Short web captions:
>>>

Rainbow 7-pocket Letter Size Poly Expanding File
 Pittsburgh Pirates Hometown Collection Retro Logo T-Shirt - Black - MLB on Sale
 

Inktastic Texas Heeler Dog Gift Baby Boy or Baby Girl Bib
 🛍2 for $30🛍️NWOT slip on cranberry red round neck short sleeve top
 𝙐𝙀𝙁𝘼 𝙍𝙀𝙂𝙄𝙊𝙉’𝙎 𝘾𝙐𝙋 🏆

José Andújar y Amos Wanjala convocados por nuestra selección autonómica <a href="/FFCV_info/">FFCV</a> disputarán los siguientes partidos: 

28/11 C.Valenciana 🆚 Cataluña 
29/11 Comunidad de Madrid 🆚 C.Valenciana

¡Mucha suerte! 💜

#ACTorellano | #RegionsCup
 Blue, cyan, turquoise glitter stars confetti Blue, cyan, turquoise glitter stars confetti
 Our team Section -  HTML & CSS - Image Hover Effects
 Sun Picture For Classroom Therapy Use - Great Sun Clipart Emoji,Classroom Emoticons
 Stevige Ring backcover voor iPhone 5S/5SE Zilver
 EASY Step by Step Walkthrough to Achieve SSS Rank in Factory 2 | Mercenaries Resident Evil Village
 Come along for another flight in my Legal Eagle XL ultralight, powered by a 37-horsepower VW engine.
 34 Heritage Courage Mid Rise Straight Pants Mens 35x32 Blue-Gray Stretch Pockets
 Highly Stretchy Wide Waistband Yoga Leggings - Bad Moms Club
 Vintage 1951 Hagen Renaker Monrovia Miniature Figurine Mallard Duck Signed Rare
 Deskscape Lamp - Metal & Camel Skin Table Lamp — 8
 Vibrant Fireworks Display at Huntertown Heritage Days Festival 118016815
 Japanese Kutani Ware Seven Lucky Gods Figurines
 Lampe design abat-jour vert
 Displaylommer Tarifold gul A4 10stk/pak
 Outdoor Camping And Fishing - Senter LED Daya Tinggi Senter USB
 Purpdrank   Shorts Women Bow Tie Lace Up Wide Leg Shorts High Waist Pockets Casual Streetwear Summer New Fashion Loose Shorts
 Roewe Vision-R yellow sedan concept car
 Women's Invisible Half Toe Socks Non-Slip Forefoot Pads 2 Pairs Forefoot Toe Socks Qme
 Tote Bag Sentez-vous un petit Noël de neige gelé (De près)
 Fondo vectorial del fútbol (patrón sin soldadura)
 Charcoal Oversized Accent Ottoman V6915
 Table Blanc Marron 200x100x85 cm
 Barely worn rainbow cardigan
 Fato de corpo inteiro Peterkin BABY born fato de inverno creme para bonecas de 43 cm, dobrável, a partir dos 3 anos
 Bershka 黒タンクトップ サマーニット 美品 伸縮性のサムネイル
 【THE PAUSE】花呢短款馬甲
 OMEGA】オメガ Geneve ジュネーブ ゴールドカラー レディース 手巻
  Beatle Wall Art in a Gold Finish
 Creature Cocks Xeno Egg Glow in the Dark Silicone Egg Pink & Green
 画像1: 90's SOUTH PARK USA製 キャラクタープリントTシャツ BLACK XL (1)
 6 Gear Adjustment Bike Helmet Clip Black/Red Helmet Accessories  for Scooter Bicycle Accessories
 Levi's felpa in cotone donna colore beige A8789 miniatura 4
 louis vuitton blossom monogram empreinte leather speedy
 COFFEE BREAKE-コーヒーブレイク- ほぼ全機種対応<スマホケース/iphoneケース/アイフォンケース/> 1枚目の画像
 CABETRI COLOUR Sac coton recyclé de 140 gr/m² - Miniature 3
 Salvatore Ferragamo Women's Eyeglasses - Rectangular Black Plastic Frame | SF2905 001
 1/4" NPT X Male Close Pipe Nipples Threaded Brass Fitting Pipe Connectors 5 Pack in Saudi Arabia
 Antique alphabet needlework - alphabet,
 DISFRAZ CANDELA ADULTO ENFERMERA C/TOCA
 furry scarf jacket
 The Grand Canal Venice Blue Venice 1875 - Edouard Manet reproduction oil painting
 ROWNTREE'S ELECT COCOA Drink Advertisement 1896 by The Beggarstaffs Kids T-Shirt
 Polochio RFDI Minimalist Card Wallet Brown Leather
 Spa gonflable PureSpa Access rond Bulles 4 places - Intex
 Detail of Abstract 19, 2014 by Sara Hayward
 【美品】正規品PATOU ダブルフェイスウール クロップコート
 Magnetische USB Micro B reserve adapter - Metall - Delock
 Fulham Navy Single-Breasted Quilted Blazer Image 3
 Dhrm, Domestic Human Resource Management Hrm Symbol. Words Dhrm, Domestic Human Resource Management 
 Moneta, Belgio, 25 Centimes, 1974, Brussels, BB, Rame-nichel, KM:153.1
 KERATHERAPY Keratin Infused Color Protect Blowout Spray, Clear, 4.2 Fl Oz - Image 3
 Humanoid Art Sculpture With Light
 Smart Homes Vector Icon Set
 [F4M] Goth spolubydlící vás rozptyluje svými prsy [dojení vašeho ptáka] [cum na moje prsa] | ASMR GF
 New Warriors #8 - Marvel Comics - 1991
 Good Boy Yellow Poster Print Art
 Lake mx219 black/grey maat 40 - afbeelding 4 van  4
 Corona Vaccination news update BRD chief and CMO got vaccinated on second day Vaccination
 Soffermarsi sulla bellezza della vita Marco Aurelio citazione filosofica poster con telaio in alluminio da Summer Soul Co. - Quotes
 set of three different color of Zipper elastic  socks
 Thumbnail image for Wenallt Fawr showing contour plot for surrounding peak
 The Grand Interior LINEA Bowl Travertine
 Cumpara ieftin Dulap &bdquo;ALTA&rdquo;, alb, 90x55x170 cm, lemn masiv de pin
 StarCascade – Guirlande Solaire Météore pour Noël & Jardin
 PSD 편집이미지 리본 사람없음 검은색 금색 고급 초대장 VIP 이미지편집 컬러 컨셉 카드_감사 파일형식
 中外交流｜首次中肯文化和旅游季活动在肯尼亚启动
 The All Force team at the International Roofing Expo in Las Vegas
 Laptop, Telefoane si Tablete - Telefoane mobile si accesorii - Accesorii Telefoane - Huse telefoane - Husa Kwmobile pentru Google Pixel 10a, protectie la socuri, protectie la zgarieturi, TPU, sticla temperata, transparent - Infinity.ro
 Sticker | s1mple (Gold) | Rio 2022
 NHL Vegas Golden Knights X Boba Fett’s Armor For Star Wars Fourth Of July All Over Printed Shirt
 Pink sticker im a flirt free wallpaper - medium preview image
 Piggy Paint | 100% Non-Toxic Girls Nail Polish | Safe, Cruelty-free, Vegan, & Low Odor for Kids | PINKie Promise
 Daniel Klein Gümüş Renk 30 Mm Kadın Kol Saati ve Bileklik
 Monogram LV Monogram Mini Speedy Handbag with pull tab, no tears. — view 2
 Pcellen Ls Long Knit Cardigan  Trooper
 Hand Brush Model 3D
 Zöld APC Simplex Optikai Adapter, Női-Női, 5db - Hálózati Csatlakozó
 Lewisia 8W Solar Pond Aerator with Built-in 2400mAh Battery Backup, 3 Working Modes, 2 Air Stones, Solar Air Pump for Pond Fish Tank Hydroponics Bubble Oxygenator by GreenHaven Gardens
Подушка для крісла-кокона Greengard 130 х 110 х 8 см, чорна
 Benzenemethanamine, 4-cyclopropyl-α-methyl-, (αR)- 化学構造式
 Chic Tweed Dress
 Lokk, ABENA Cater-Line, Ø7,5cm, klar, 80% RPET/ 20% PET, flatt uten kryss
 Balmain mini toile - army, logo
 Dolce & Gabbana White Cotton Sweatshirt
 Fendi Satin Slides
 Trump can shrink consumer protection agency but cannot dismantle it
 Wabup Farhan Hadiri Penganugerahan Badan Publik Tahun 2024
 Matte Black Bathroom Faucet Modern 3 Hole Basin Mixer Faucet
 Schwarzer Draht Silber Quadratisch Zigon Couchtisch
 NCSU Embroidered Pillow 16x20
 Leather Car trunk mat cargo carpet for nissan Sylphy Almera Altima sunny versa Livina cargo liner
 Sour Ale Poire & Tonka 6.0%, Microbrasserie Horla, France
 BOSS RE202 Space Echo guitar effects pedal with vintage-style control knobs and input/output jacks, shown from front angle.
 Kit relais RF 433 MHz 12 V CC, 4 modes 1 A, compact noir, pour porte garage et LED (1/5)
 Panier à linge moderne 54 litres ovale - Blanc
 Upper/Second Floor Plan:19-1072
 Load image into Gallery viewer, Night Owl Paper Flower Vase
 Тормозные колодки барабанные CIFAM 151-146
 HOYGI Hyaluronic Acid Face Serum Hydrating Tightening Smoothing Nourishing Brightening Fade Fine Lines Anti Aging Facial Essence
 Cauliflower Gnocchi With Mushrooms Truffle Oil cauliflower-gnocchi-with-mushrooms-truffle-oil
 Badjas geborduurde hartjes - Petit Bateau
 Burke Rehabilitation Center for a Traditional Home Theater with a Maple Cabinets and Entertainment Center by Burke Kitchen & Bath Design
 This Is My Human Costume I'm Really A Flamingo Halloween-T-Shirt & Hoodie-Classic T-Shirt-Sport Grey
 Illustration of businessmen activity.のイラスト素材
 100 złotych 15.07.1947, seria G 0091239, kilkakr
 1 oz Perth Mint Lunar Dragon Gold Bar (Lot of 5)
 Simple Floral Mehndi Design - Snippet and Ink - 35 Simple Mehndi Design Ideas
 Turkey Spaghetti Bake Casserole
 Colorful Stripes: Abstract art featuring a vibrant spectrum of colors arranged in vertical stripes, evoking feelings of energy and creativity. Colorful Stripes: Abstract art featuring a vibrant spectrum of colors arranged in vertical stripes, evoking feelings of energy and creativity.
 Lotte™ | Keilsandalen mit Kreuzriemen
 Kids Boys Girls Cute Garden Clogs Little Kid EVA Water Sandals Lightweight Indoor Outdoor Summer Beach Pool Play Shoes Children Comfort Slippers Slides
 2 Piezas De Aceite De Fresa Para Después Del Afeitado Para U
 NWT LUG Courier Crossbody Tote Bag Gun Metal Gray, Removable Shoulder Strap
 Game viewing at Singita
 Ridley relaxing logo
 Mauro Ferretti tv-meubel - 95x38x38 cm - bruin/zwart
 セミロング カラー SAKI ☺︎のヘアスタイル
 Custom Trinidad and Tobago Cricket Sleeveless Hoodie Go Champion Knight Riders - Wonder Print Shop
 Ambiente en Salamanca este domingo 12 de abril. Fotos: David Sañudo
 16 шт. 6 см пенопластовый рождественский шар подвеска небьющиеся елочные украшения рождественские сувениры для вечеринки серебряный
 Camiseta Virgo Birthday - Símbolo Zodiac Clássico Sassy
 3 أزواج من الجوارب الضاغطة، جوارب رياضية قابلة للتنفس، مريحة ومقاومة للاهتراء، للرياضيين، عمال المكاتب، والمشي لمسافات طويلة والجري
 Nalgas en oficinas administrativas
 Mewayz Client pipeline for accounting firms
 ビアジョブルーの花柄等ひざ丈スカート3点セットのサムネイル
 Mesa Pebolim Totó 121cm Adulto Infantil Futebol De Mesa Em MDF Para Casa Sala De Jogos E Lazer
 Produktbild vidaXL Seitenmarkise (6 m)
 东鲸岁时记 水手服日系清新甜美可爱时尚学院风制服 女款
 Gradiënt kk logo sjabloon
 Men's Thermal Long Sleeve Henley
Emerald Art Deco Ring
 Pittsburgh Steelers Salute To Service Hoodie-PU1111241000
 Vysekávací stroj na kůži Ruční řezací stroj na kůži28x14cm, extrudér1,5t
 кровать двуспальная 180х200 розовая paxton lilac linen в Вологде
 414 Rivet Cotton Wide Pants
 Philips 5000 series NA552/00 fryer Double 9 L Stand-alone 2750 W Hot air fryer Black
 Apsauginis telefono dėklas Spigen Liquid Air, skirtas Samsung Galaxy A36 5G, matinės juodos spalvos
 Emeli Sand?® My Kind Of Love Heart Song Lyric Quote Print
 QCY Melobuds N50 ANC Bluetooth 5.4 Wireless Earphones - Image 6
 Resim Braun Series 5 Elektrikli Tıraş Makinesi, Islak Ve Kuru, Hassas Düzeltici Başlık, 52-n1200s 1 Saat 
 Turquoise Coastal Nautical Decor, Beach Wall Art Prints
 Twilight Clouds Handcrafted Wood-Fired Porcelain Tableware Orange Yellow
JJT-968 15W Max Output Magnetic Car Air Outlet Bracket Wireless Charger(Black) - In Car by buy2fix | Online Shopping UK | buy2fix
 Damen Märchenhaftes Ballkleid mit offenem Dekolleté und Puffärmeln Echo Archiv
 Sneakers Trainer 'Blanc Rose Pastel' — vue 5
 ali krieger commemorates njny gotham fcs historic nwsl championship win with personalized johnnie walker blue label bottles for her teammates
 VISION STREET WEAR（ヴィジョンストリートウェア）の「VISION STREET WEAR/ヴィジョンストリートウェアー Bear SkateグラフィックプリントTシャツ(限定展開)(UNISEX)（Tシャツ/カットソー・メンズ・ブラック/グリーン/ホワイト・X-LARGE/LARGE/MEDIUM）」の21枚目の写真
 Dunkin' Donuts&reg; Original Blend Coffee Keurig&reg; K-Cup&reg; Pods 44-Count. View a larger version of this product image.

<<<

▶ [Try it]:
Lines holding the word "Kids" in the entries above are the ones to pull out. Copy them all.

▶ [Reply]:
 ROWNTREE'S ELECT COCOA Drink Advertisement 1896 by The Beggarstaffs Kids T-Shirt
 Piggy Paint | 100% Non-Toxic Girls Nail Polish | Safe, Cruelty-free, Vegan, & Low Odor for Kids | PINKie Promise
 Kids Boys Girls Cute Garden Clogs Little Kid EVA Water Sandals Lightweight Indoor Outdoor Summer Beach Pool Play Shoes Children Comfort Slippers Slides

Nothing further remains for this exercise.